* WHAT YOU WILL DO *
Using the records below, give again exactly the lines from the line that contains "US President Donald" through the line that contains "Ett sovrum med", both ends included, and only those.

Saved entries
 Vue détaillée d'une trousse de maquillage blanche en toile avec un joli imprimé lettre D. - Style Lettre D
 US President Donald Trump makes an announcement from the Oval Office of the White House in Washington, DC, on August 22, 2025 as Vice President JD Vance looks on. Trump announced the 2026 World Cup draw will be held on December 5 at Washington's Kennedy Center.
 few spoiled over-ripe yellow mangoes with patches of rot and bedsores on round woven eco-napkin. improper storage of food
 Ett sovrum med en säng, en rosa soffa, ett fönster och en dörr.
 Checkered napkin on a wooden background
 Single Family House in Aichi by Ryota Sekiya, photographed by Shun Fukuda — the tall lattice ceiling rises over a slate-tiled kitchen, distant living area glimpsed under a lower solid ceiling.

---

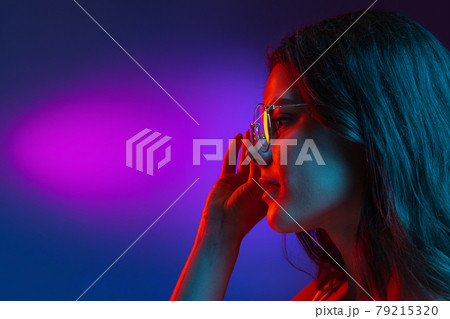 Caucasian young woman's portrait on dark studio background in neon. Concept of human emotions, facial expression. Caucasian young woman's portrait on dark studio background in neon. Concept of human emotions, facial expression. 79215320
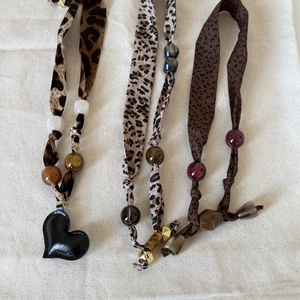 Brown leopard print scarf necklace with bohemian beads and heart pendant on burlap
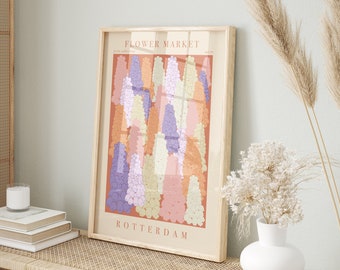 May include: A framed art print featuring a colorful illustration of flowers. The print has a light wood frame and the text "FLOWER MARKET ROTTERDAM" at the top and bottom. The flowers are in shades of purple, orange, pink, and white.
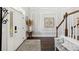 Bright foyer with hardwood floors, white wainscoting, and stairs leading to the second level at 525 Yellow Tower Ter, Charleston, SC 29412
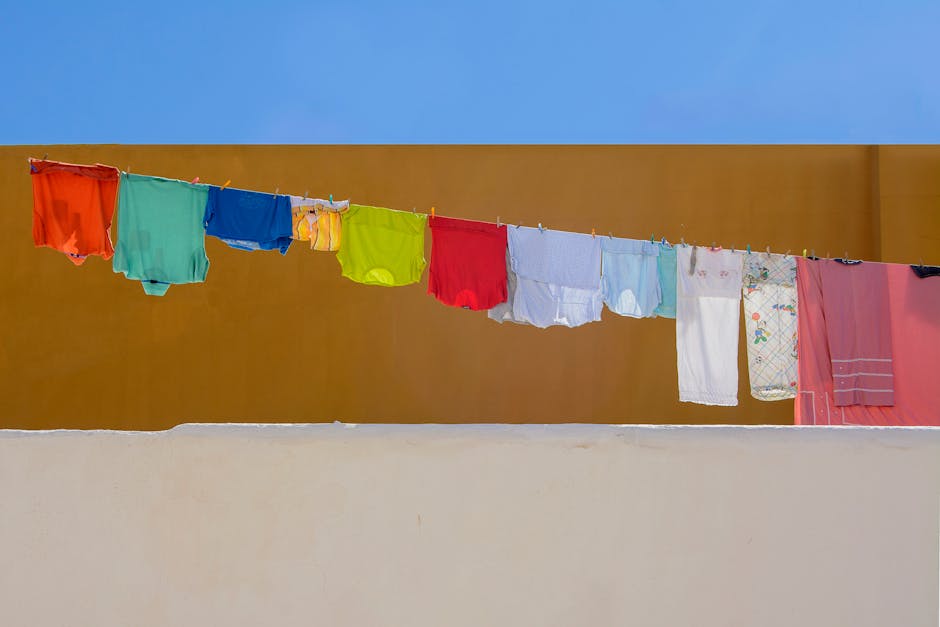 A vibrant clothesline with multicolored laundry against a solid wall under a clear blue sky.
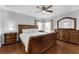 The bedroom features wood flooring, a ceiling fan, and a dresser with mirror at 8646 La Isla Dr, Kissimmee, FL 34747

* EXERCISE ANSWER *
 US President Donald Trump makes an announcement from the Oval Office of the White House in Washington, DC, on August 22, 2025 as Vice President JD Vance looks on. Trump announced the 2026 World Cup draw will be held on December 5 at Washington's Kennedy Center.
 few spoiled over-ripe yellow mangoes with patches of rot and bedsores on round woven eco-napkin. improper storage of food
 Ett sovrum med en säng, en rosa soffa, ett fönster och en dörr.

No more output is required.